The hope, though, is that this exhibition is just the first step in bringing high-speed Internet to the rest of Cuba. As Google’s official announcement puts it, in Spanish that’s been Google-translated:

We are especially happy that Cuban children can experience virtual reality and explore places around the world, from Stonehenge to Port Hercule, the same way that children from other countries. […] [The demonstration will ideally] occur in parallel with initiatives of other technology companies and other sectors of the United States to redouble their efforts to bring a variety of services to Cuba, including potential suppliers Wi-Fi and broadband.

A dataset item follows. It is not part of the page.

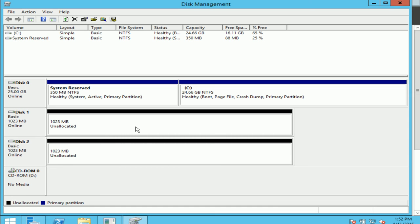Whereas a disadvantage of span volume is that say you create a disk combining disk 1 and disk 2, and if disk 2 was to fail, the whole of the volume fails. So well, that's what span volume is.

The hope, of course, is that whatever initiatives come from America will be looked upon favorably by the Cuban government. While restrictions have relaxed over the past decades — in 2008, Cubans were granted access to tourist hotels and allowed to purchase mobile phones; in 2011, the government allowed private businesses to open; a few years back, some Cubans were finally permitted to leave and visit other countries — more changes are set to occur. America will be getting a new president, and there’s too wide a policy gap between the current front-runners to accurately predict what’s going to happen. And Cuban President Raul Castro has already announced he won’t seek re-election in 2018, bringing an end to the long reign of the Castro family.

The trajectory of Cuba’s connectivity, then, will depend heavily upon how the two new leaders, whoever they are, get along. A good relationship might bring the Cuban people onto the Internet. A bad one may keep them stuck in the past.